Sonnenöfen in Odelló und Köln-Porz
Da nicht in allen Gegenden die Sonne gleichmäßig und andauernd scheint, wird ein Sonnenofen dort installiert, wo mit einer verlässlichen Sonnenstrahlung zu rechnen ist. Das Sonnenlicht muss direkt auf die Konzentratoren gerichtet werden, die die Strahlung bündeln. Vor allem in südlichen Gegenden, wie im französischen Odelló, werden Solarschmelzöfen gebaut. Der Sonnenofen in dem Ort an der spanischen Grenze ist die größte Anlage der Welt. Temperaturen bis zu 4.000 Grad Celsius werden hier gemessen, ein MW thermische Leistung wird erzeugt. Der Solarschmelzofen dient zu Forschungszwecken. Auch in Deutschland sind Sonnenöfen in Betrieb. Die Anlage in Köln-Porz wird seit 1994 betrieben.

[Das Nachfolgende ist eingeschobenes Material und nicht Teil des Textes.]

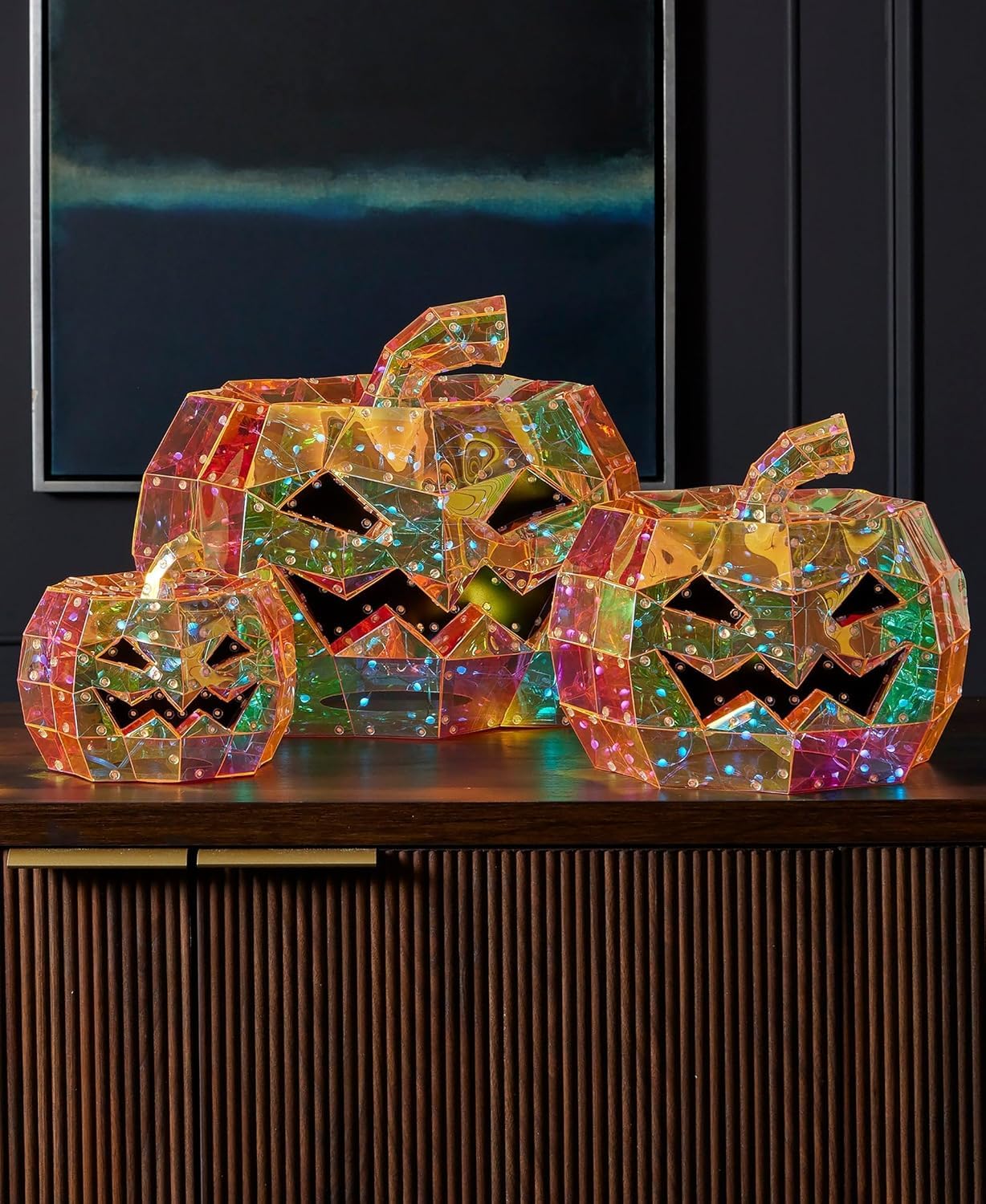 ハロウィン　Xマスにも　288g越えヒマラヤ産水晶の大振りskullハンドメイド YILCER Prismatic Iridescent Ghost Skull Pumpkin Decor, Halloween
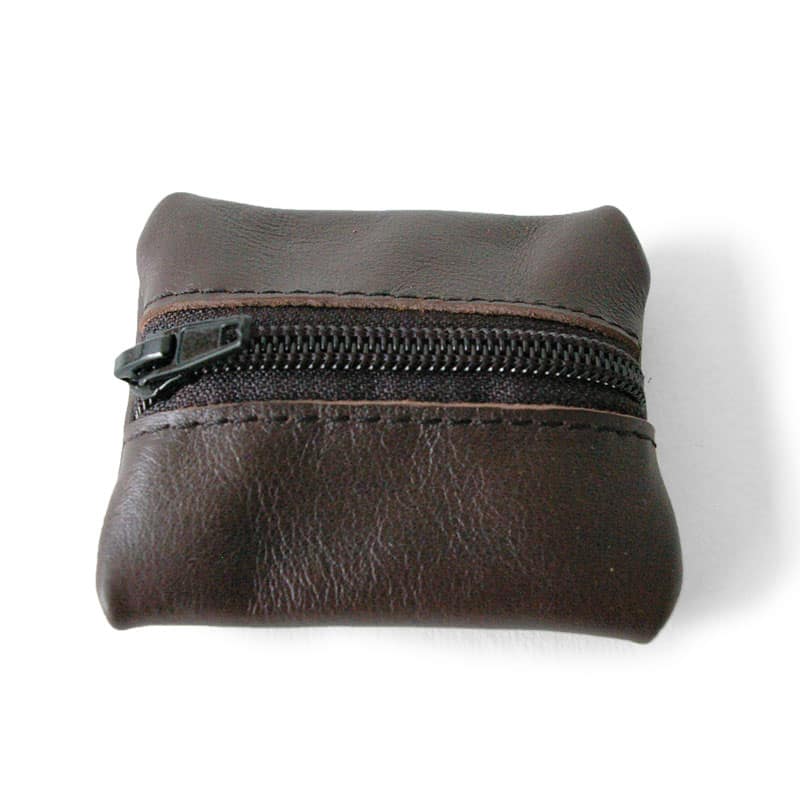 Visuel du porte-monnaie mini-zip marron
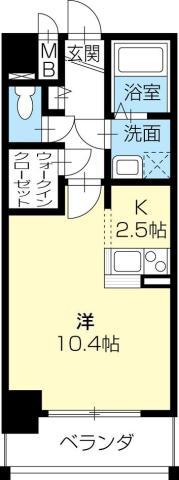 PROUD-G中通町(ワンルーム/2階)の間取り写真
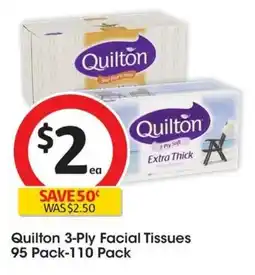 Coles Quilton 3-Ply Facial Tissues 95 Pack-110 Pack offer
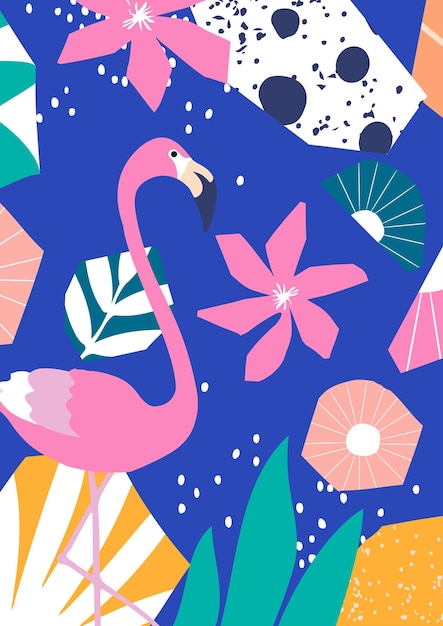 Tropical flowers and leaves poster background with flamingos Colorful summer vector illustration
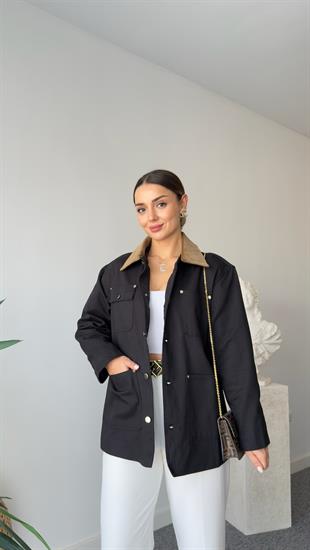Siyah Pella Kadife Yaka Ceket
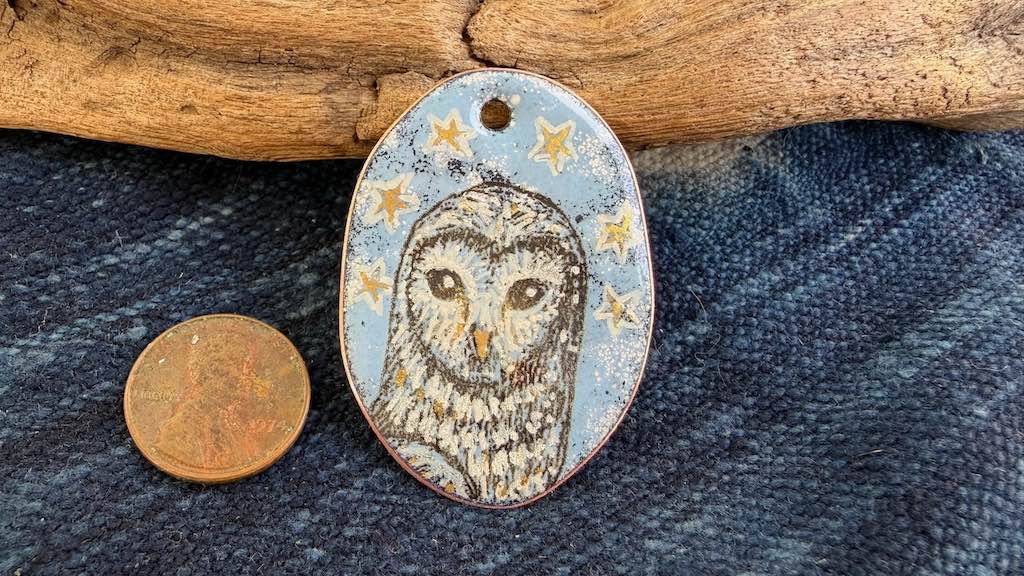 Laser-Etched Enamel Pendant by Andrew Thornton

Funktionsweise eines Sonnenofens
Mit dem Sonnenlicht, das in konzentrierter Form auf Materialien geleitet wird, lassen sich photonische oder thermische Reaktionen hervorrufen. Auf diese Weise können Werkstoffe entwickelt werden, die Licht und Hitze standhalten können. Das Sonnenlicht wird in einer 5.000 fachen Stärke konzentriert, dabei entstehen in der Kölner Anlage bis zu 2.500 Grad Celsius hohe Temperaturen, die eine Leistung von 25 Kilowattstunden erzeugen. Ein Problem ist das wandernde Sonnenlicht. Durch die Drehung der Erde verändert sich der Sonnenstand im Laufe des Tages. Aus diesem Grund wird das Sonnenlicht über einen ebenen Spiegel auf einen Hohlspiegel, den Konzentrator, gerichtet. Diese Planspiegel, die sich entsprechend dem Lauf der Sonne ausrichten lassen, werden in der Fachsprache Heliostaten genannt. Im Brennpunkt des Hohlspiegels wird eine Brennkammer errichtet, in der die hohen Temperaturen erzeugt werden. Durch die Anordnung der beiden Spiegel kann die Anlage unabhängig vom Sonnenstand genutzt werden. Durch einen Schnellverschluss, den Shutter, wird die Strahlung reguliert, sodass sich in den Laboratorien verschiedene Versuchsreihen mit unterschiedlichen Temperaturen und Materialien durchführen lassen.

Forschung für die Nutzung der Sonnenenergie
Die Forschung im Sonnenofen ist ein wichtiger Beitrag für die Nutzung der Sonnenenergie. Durch die Versuche in den Anlagen werden Materialien entwickelt, mit denen es langfristig möglich sein wird, die Sonnenkraft für die Erzeugung von Energie und Wärme zu nutzen. Bisher lässt sich die Sonnenenergie durch Solaranlagen nur bis zu einem bestimmten Grad nutzen, da das Material zu hohen Temperaturen nicht standhält.